Hornbuckle's home, where they found 10 kilograms of marijuana, 
packaged in small bricks. By tribe standards, it was a big haul, and 
authorities approached the U.S. Attorney's office.

Gretchen Shappert, U.S. Attorney for the Western District of North 
Carolina, says federal sentencing guidelines for marijuana are so 
lenient, that "we'd need 50 kilograms in a typical federal case" to 
pursue it. The feds rejected the case.

If the state court had jurisdiction to prosecute the crime, Mr. 
Hornbuckle might have received a three-year term. Instead, he pleaded 
guilty to the marijuana charge and was sentenced to one year in 
tribal court. Recently the tribal council voted to permanently ban 
him from the reservation, with backing from the feds. Messages left 
for Mr. Hornbuckle's attorney weren't returned.

Mr. Crowe's name is all too familiar on the reservation. Tribal 
Police Chief Benjamin Reed has known him since he was a juvenile. 
"What I remember is his domestic-violence incidents. He just wouldn't 
stop," Mr. Reed says.

Crystal Hicks, who dated Mr. Crowe before his marriage, says the 
tribal member was verbally abusive. She says she left him after she 
had a miscarriage, when he berated her for not giving him a ride to a 
motorcycle gathering. "He said I was using the miscarriage as an 
excuse," says Ms. Hicks, 27 years old.

After that, in several telephone messages saved by Ms. Hicks and her 
family, Mr. Crowe threatened to kill them and bury Ms. Hicks in her 
backyard. He was jailed by the tribe and ordered to stay away from 
the Hicks family.

"One year," says Ms. Hicks. "He even told me he was fine in jail. He 
got fed three times a day, had a place to sleep and he wasn't going 
to be there long."

After he married, the violence escalated, says Police Chief Reed. 
During one incident he drove to the home Mr. Crowe shared with his 
wife, Vicki. "He had threatened her, and dug a grave, and said no one 
would ever find her.
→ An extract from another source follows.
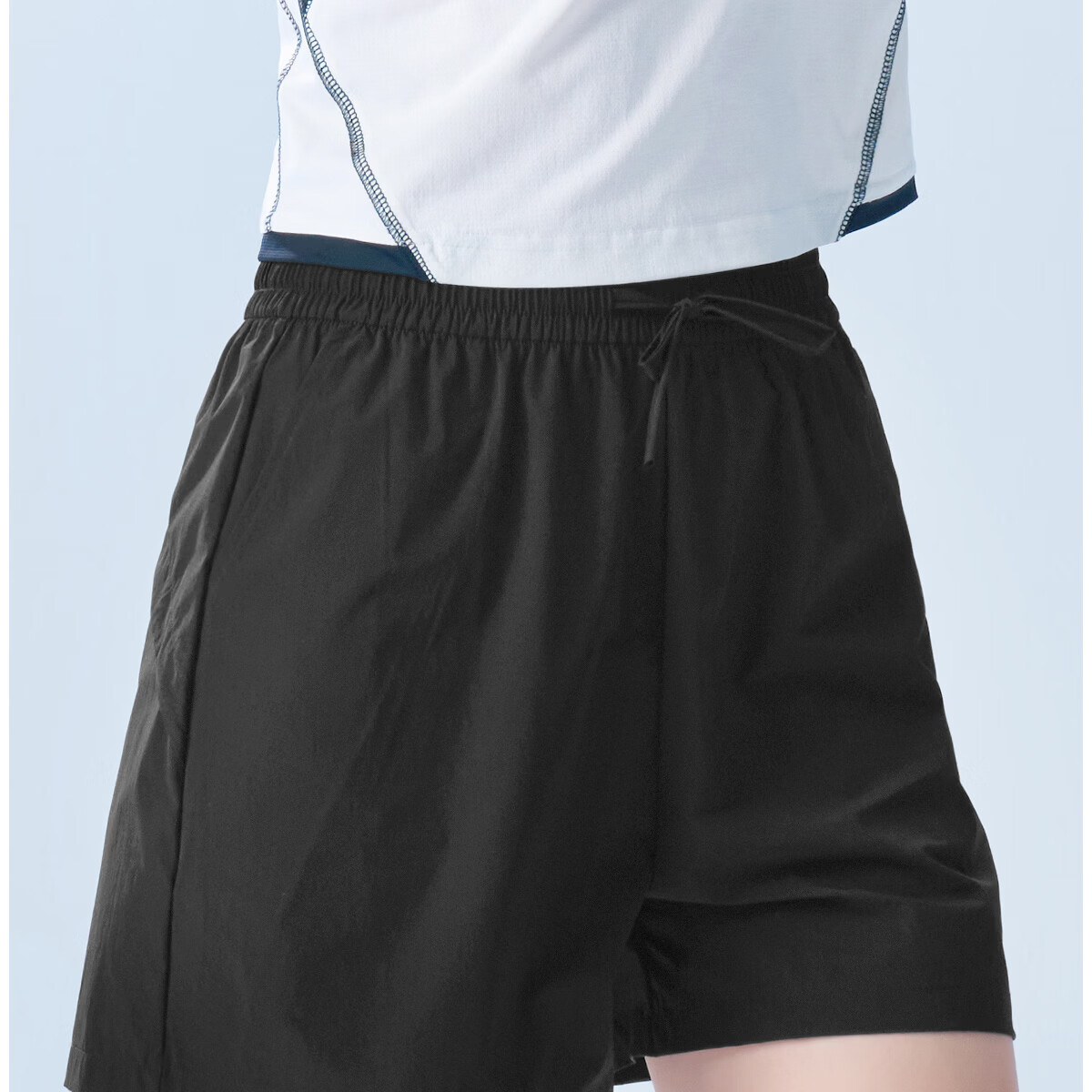 361° Women's Cooling Sports Shorts Summer New Breathable Training Fitness Running Black Casual Knee-Length Pants 12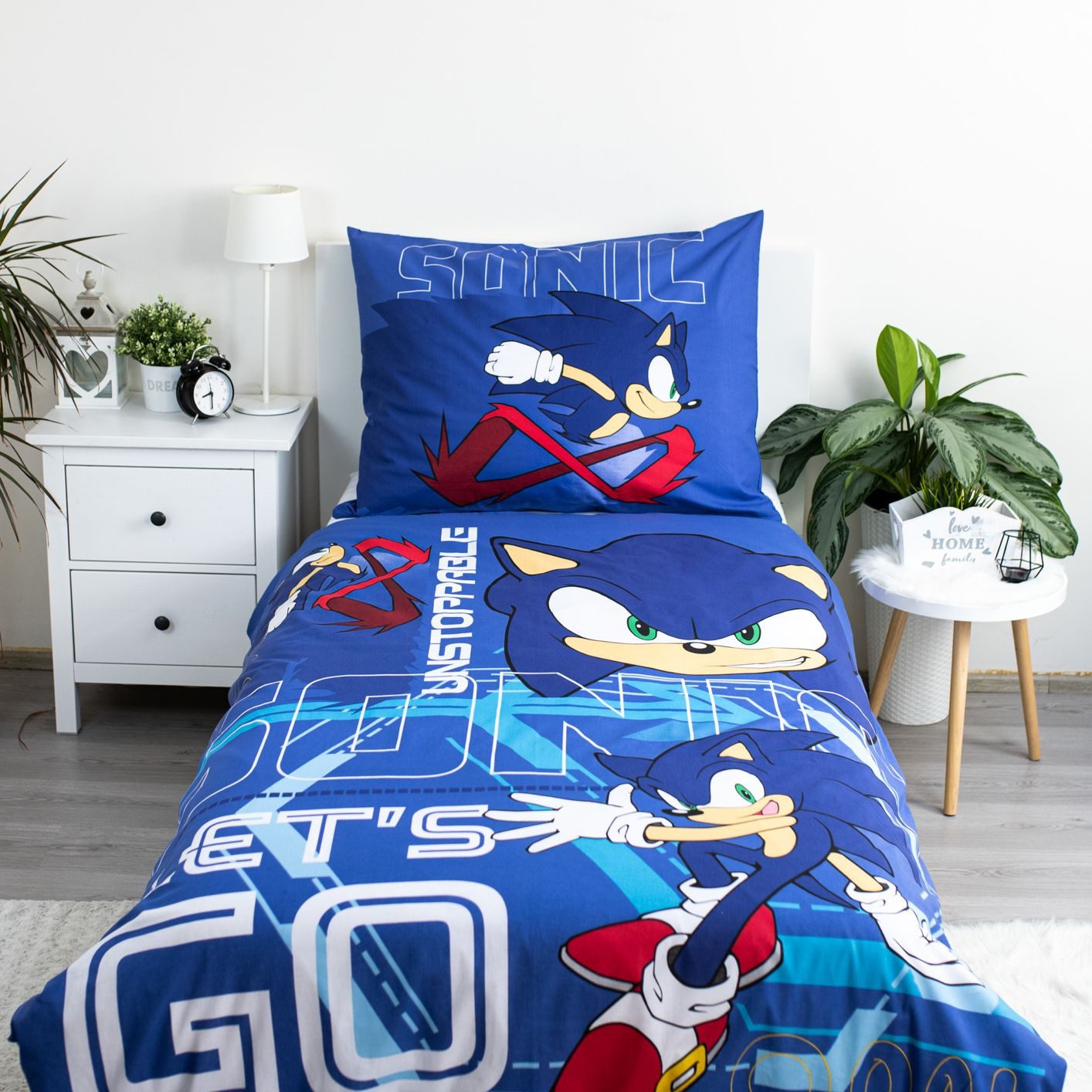 Sonic The Hedgehog Kinderbettwäsche Kuschelige Bettwäsche Baumwolle, 140x20 günstig online kaufen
We believed him," Mr. Reed said. "Just look at 
some of the stuff he'd done. That girl was constantly coming down 
here, her face swollen up." At one point, he choked his wife, poured 
kerosene into her mouth and threatened to light it, police reports 
say. Mr. Crowe's attorney didn't return calls seeking comment.

None of these acts led to more than one year in jail, a sentence he 
has been given twice since 2001. His criminal file at the tribal 
court building fills a dozen manila folders. There are reports of 
trespassing and assault convictions, telephone harassment, threats 
and weapons assaults -- one for an incident when he hit his wife with 
an ax handle, breaking her wrist. His latest arrest, in September, 
came about a week after he finished his most recent sentence, when he 
came home and beat his now-estranged wife -- again.

After seven years, his crimes finally triggered federal involvement, 
although almost by accident. Federal prosecutors from around the 
country met at Cherokee earlier this year to discuss crime on tribal 
land. One federal official mentioned to Mr. Kilbourne, the tribal 
prosecutor, a new statute that allows federal intervention where 
defendants have at least two domestic-violence convictions, 
regardless of the crime's seriousness.

Mr. Kilbourne, who was preparing for a new trial against Mr. Crowe 
the following week, quickly turned the case over. Mr. Crowe pleaded 
guilty to assault last Friday and is awaiting sentencing.